* _PROBLEM DESCRIPTION_
Return every entry exactly as written, with the pictures removed.

═══ SUPPLIED MATERIAL ═══

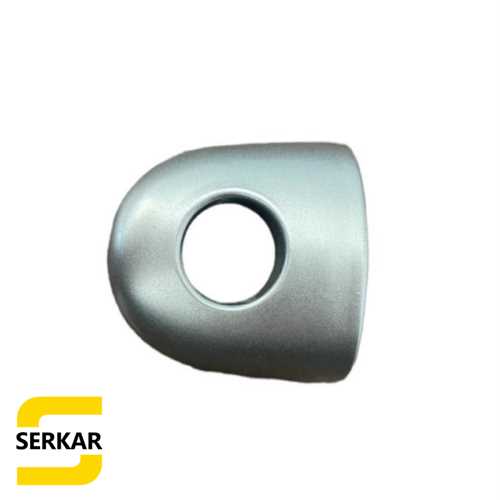 CLIO III DIŞ KAPI KOL KAPAĞI KROM  Ürün Görseli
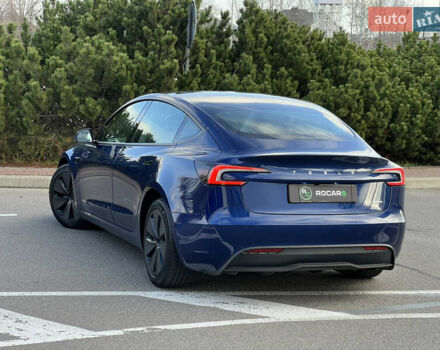 Синій Тесла Модель 3, об'ємом двигуна 0 л та пробігом 14 тис. км за 32999 $, фото 15 на Automoto.ua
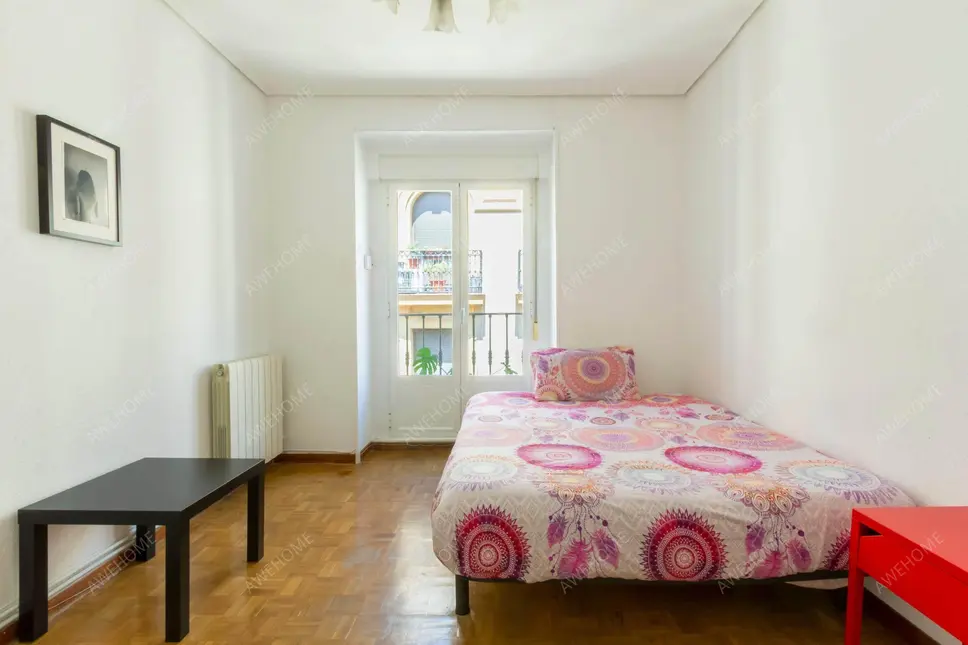 馬德里租房apartment in Lavapies  Embajadores (Centro)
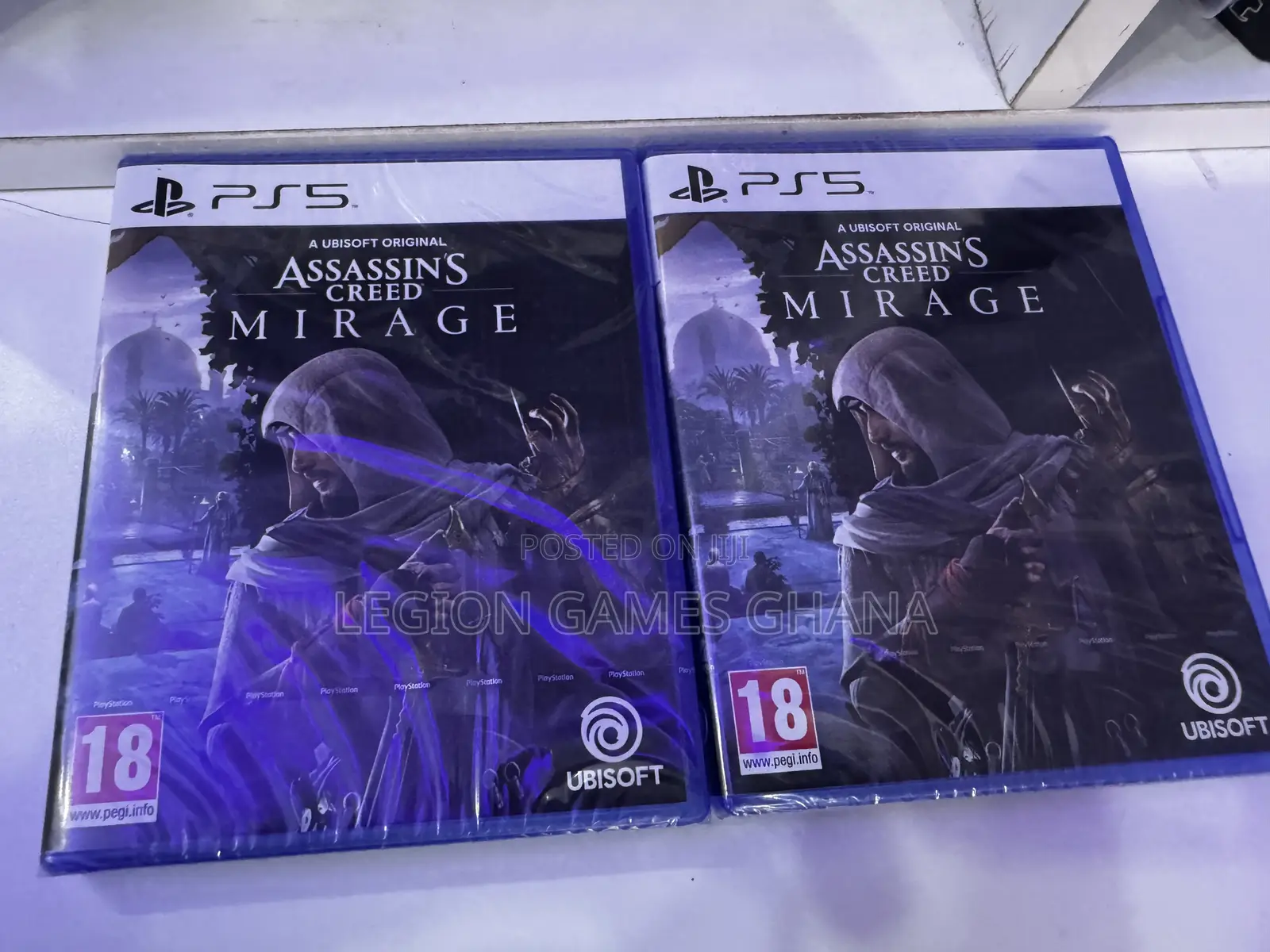 Assassins Creed Mirage PS5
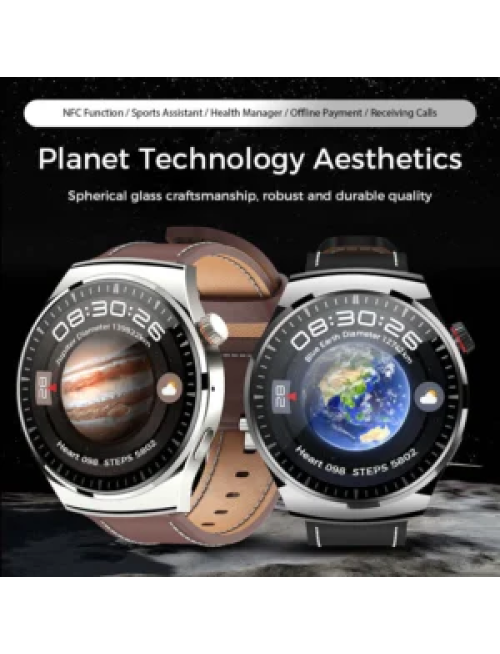  Smart Sport Bluetooth Watch- Watch 4 Pro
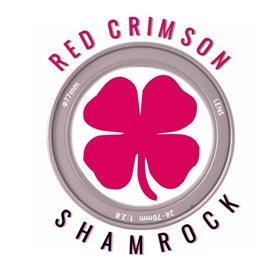 Red Crimson Shamrock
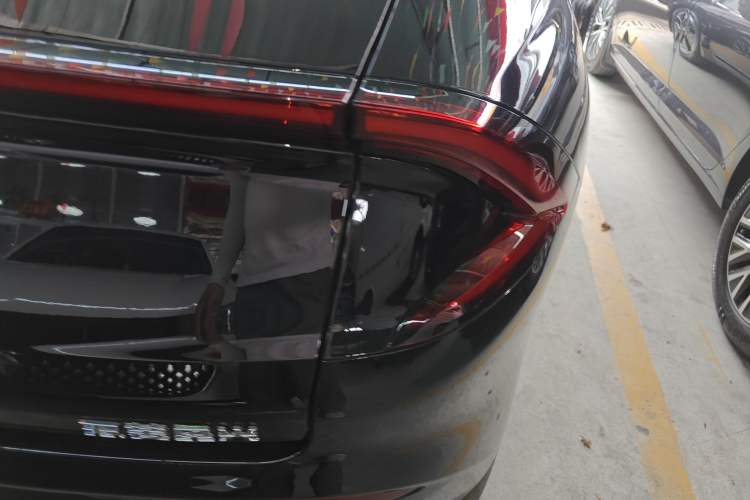 Used Wuling Xingguang 2025 610 km Smart Flagship Version Exterior 3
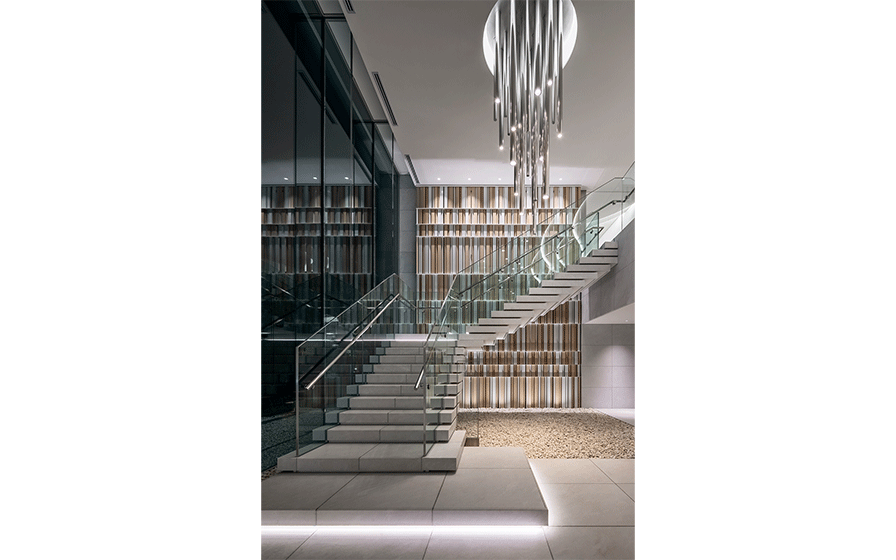 THE COURT神宫外苑  | 室内设计 | Projects | NIKKEN SEKKEI LTD-11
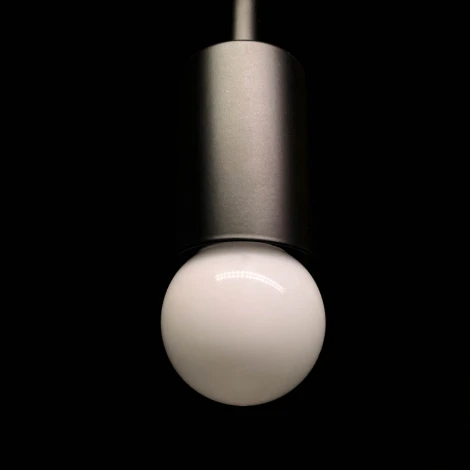 Лампа Ø45 мм для Белт-лайта, Цоколь E27, Тепло-Белая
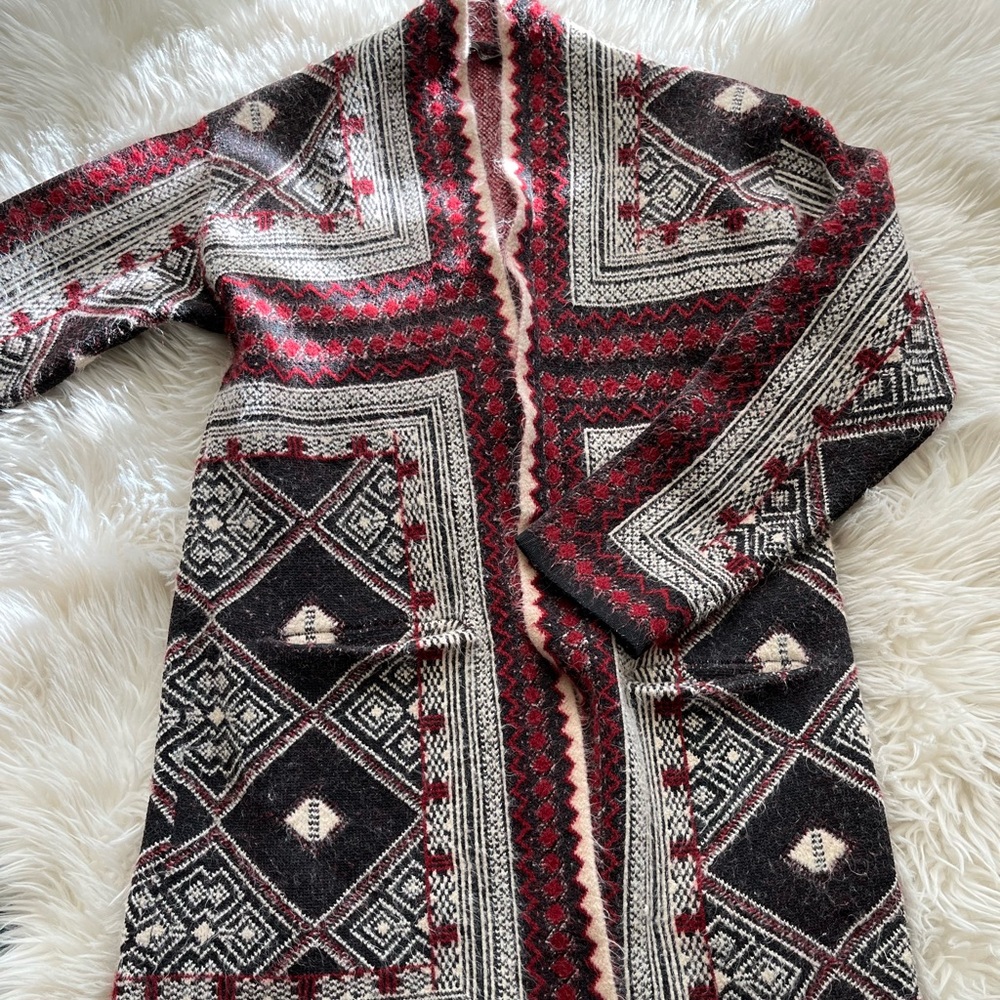 Maxsport Long Cardigan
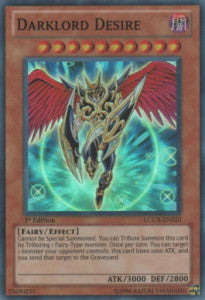 Darklord Desire⁣ - Legendary Collection 2: Mega Pack⁣ (Super Rare)⁣ [210]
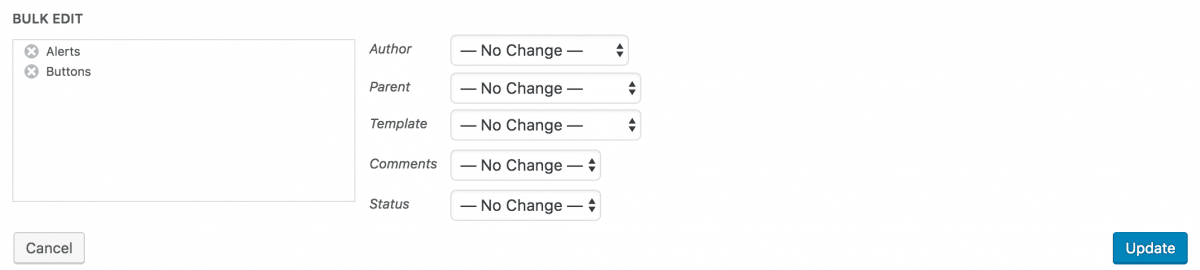 all-pages-wplook-documentation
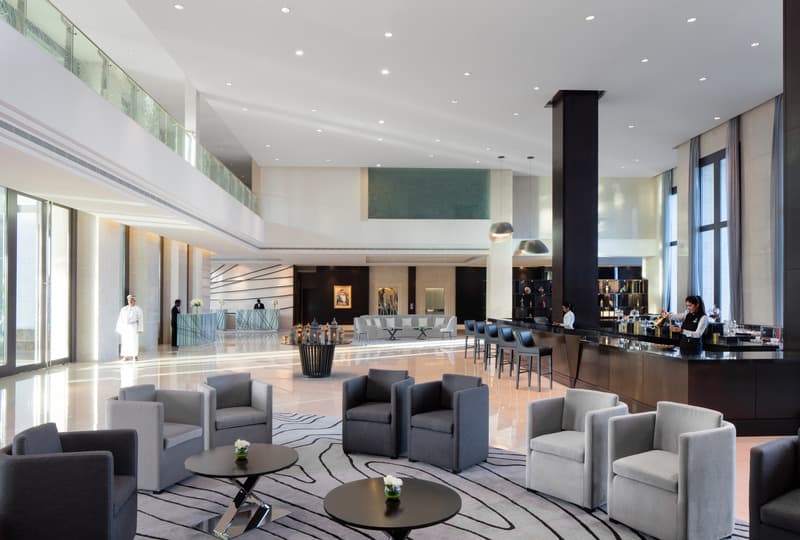 Hormuz Grand Muscat, A Radisson Collection Hotel 5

═══

* _TASK SOLUTION_
 CLIO III DIŞ KAPI KOL KAPAĞI KROM  Ürün Görseli
 Синій Тесла Модель 3, об'ємом двигуна 0 л та пробігом 14 тис. км за 32999 $, фото 15 на Automoto.ua
 馬德里租房apartment in Lavapies  Embajadores (Centro)
 Assassins Creed Mirage PS5
  Smart Sport Bluetooth Watch- Watch 4 Pro
 Red Crimson Shamrock
 Used Wuling Xingguang 2025 610 km Smart Flagship Version Exterior 3
 THE COURT神宫外苑  | 室内设计 | Projects | NIKKEN SEKKEI LTD-11
 Лампа Ø45 мм для Белт-лайта, Цоколь E27, Тепло-Белая
 Maxsport Long Cardigan
 Darklord Desire⁣ - Legendary Collection 2: Mega Pack⁣ (Super Rare)⁣ [210]
 all-pages-wplook-documentation
 Hormuz Grand Muscat, A Radisson Collection Hotel 5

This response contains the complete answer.